The Federal Aviation Administration’s new guidelines allow drones to operate at night and over people – a welcome change for Part 107, or commercial drone, pilots.
“What we do with our drones really, and this is the vast, vast, vast, vast majority of drone owners, is we just like to fly them around. I fly around in my neighborhood,” said FAA Safety Team Drone Pro Vic Moss.
The new rules will require remote identification technology, making them identifiable from the ground.
“Basically, it’s going to be information that will be broadcast from your drone itself and that will include how high your drone is, where your drone is, where you are located,” Moss said.
The remote ID will also track speed and whether a drone is operating in a safe mode.
But what does that mean if you’re just flying for fun?

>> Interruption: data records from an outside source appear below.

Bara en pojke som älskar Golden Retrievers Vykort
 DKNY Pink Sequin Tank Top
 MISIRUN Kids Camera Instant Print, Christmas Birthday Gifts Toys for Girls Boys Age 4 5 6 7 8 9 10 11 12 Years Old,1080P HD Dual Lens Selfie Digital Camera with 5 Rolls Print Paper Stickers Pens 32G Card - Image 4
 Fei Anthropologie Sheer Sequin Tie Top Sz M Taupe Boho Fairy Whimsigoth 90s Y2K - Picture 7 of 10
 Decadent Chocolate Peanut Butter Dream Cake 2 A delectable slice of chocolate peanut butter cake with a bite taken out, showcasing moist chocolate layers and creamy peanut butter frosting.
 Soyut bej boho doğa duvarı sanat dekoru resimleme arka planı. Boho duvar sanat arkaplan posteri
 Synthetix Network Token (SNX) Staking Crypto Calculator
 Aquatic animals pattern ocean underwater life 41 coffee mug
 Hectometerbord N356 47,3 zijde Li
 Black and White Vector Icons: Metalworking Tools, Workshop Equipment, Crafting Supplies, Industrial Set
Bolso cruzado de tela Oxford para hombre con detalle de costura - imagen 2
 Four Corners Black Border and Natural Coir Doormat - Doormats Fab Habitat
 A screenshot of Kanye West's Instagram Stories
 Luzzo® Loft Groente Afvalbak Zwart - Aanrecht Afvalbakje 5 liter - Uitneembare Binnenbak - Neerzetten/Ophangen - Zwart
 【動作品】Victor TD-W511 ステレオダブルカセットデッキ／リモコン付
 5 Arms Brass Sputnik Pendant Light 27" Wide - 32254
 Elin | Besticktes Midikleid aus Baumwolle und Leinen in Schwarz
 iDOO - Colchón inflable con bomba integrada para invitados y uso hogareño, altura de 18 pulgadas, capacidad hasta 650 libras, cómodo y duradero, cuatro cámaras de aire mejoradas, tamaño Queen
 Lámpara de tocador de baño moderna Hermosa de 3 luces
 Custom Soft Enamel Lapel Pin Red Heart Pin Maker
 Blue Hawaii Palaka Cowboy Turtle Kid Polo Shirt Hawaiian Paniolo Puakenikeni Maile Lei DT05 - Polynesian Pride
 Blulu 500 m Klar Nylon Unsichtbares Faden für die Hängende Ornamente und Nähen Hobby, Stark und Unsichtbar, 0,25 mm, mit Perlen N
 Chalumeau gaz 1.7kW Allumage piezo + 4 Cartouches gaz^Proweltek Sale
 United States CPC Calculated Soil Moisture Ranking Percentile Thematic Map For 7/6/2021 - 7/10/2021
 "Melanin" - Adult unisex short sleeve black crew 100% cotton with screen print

“For recreational purposes, you’re actually going to have two different options. One will be that you can go ahead and have remote ID on your drone so you can fly wherever you want within FAA regulations, stay away from airports, that kind of thing, but if you don’t want to do that or you have a drone that you don’t want to do it, or even if you have an RC aircraft like you’ll see at some of the AMA fields, you’ll be able to go to something called a FRIA, which is an FAA Recognized Identification Area, and then you’ll be able to fly there without RID…remote ID,” Moss explained.
And if you’re wondering what this new guidance will mean for your privacy, Moss said you shouldn’t worry about drones flying near your windows or getting into your personal space.
He said you have a better chance of being spied on by a smartphone than with a drone.